Vehicle E-47, a Jeep Cherokee owned by the New Rochelle Board of Education, has found its way home after many years "lost" over at 5 Edgewood Park in New Rochelle. The Jeep is now being kept at 51 Cliff Street at nights and weekends, as per district policy
In April, Talk of the Sound reported that Salvatore "Sal" Porretto, a working-foreman in the Buildings & Grounds department at 51 Cliff Street working under Vincent "Jimmy" Bonanno, the supervisor and John Gallagher of Aramark, was making personal use of Vehicle E-47. Poretta, according to sources, had making personal use of E-47 for many years, parking the vehicle in front of his home at 5 Edgewood Park in New Rochelle and even using the Jeep to run a private snowplowing business in the winter.
After the story first ran, Anthony Pirrotti, Jr., an attorney representing Porretto, claimed the article was "patently false" and libelous and demanded that the article be "immediately" taken down.

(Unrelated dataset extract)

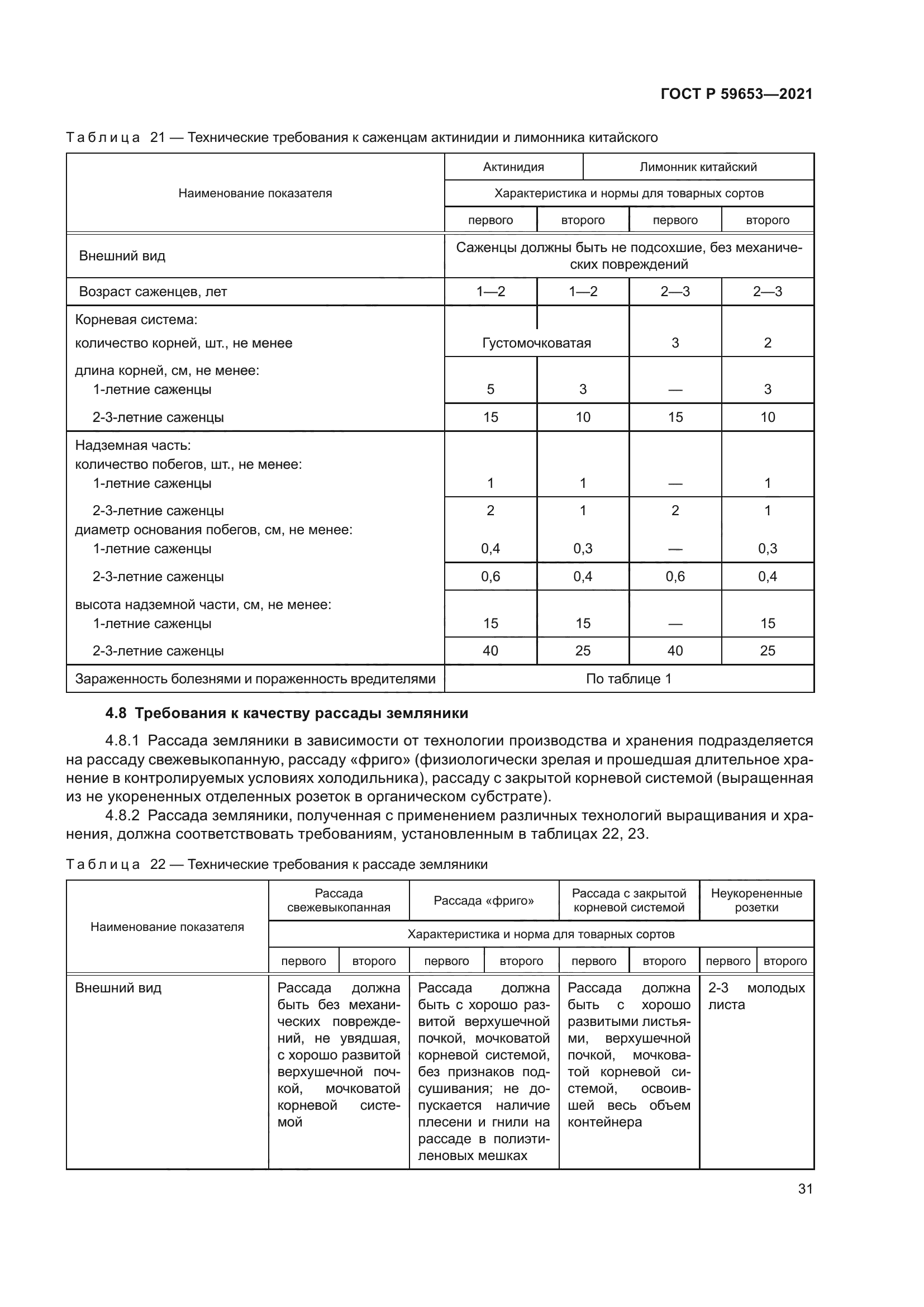 ГОСТ Р 59653-2021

Pirrotti did not respond to our request to identify "specific statements" in the article that he believed to be false nor, to date, taken any legal action with regards to the article.
The New Rochelle Board of Education has appeared to have endorsed this conduct by Aramark employees and the district employees working under them, going so far as to extend for another a three-quarter million dollar no-bid contract with Aramark Education. This despite full awareness of flagrant violations of district policies and criminal activity by employees working under Aramark and the knowledge that Schools Superintendent Richard Organisciak Organisciak, Assistant Superintendent John Quinn and the board's own attorney, Jeffrey Kehl tried to sneak through a sweetheart deal for three highly-paid Aramark employees in a board resolution designed to put John Gallagher, Anthony Rigos and James Purdie, all Aramark employees, on the district payroll and make them pension eligible. Resolution 12-266-1 on March 27, 2012 would have violated the district's contract with Aramark and would have opened up the board to claims for three counts of tortious interference for inducing the Aramark employees to violate their employment agreements with Aramark. The resolution would have authorized the administration to pay the three Aramark employees along with three district employees for work on a TV pilot for ABC Television that was filmed at Isaac E. Young Middle School in March. Sources tell Talk of the Sound that none of the six people were present at the school that weekend so that the invoice to the Disney film production company would have been a falsified business records for the purposes of defrauding Disney.